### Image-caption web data
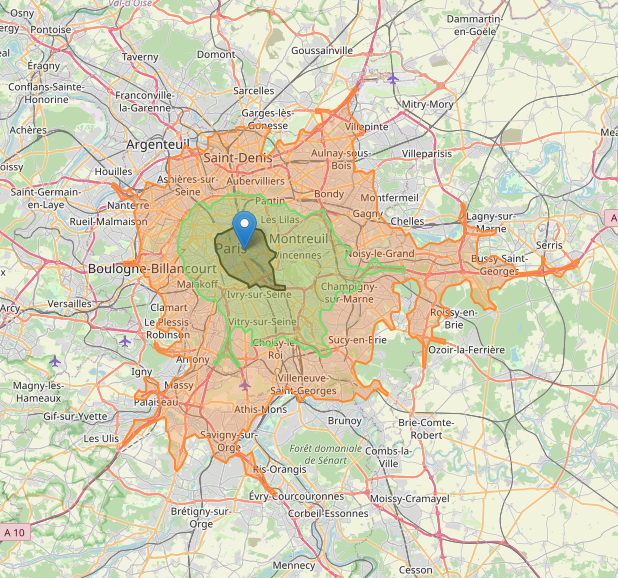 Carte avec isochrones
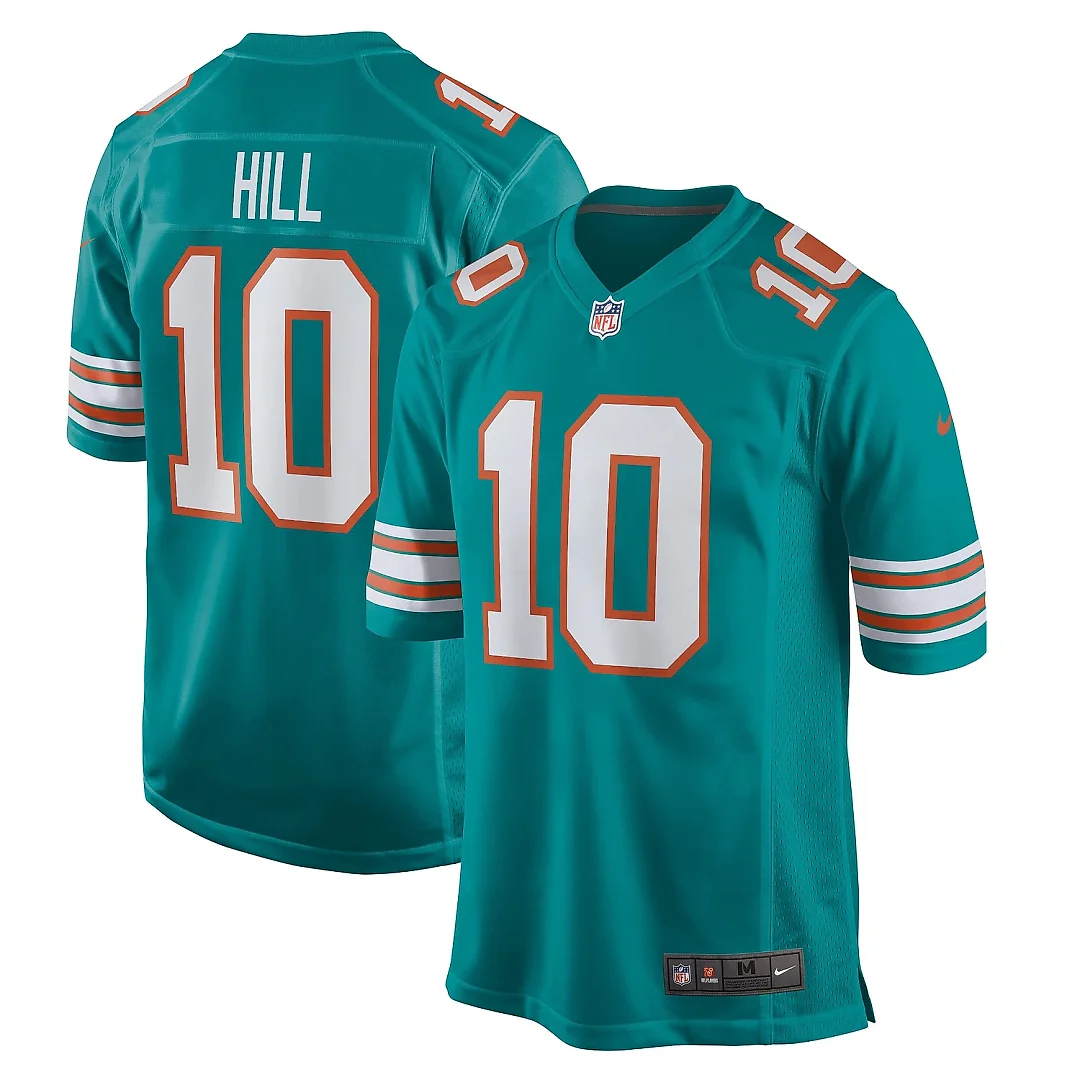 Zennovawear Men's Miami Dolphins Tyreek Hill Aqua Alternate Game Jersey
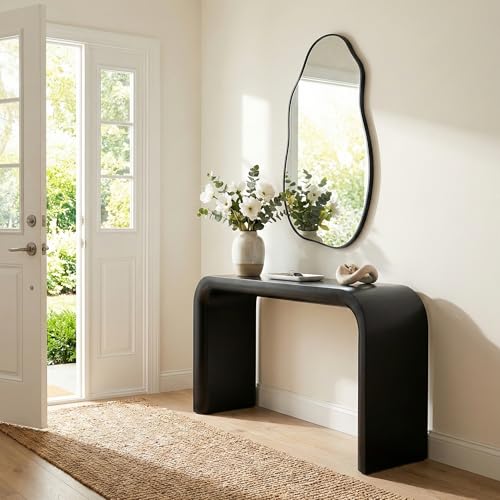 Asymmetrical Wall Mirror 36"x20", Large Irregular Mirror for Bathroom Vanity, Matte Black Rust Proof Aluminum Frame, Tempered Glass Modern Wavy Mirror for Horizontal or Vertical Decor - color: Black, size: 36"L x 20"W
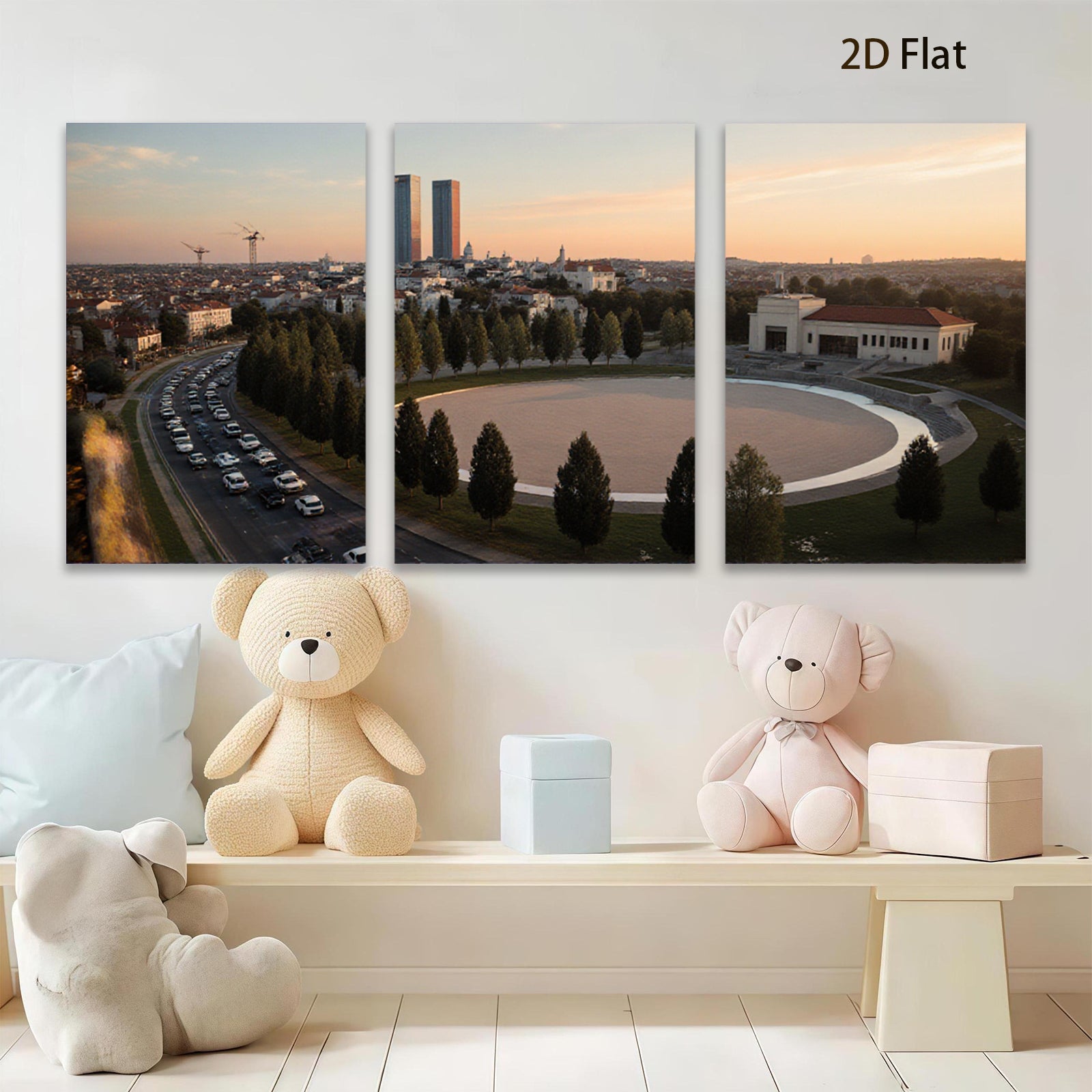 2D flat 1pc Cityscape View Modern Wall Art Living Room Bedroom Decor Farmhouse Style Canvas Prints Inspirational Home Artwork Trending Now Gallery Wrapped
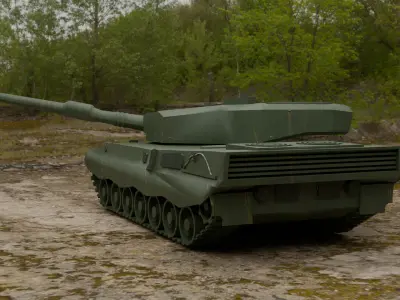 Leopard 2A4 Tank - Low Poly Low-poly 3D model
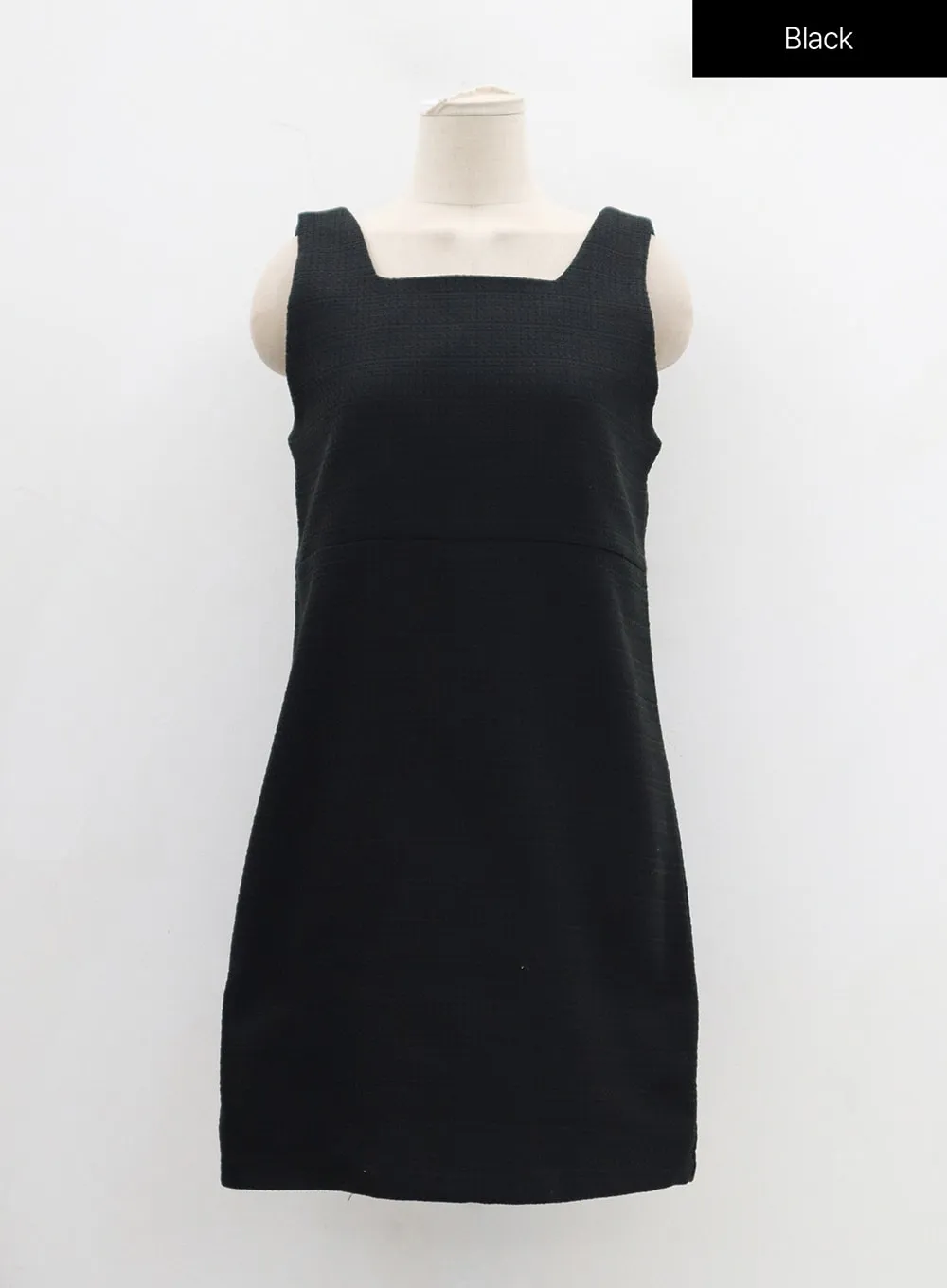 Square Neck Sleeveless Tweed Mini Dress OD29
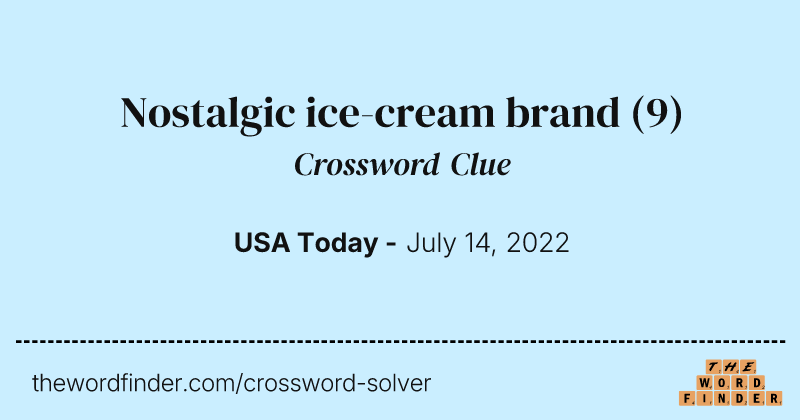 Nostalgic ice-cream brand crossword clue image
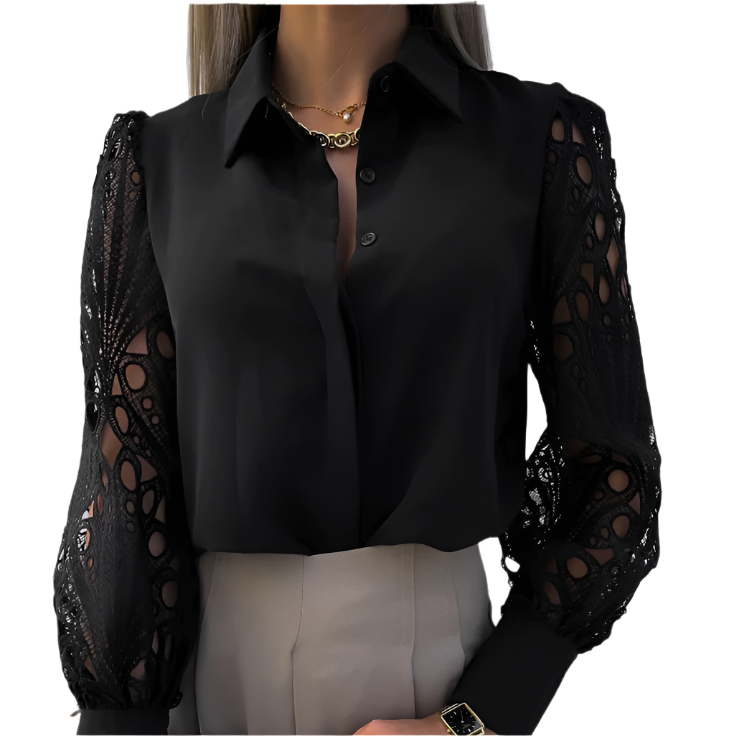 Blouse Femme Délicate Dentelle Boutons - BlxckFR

### Task description
Leaving the pictures aside, give back all the records exactly as they are.

### Task result
 Carte avec isochrones
 Zennovawear Men's Miami Dolphins Tyreek Hill Aqua Alternate Game Jersey
 Asymmetrical Wall Mirror 36"x20", Large Irregular Mirror for Bathroom Vanity, Matte Black Rust Proof Aluminum Frame, Tempered Glass Modern Wavy Mirror for Horizontal or Vertical Decor - color: Black, size: 36"L x 20"W
 2D flat 1pc Cityscape View Modern Wall Art Living Room Bedroom Decor Farmhouse Style Canvas Prints Inspirational Home Artwork Trending Now Gallery Wrapped
 Leopard 2A4 Tank - Low Poly Low-poly 3D model
 Square Neck Sleeveless Tweed Mini Dress OD29
 Nostalgic ice-cream brand crossword clue image
 Blouse Femme Délicate Dentelle Boutons - BlxckFR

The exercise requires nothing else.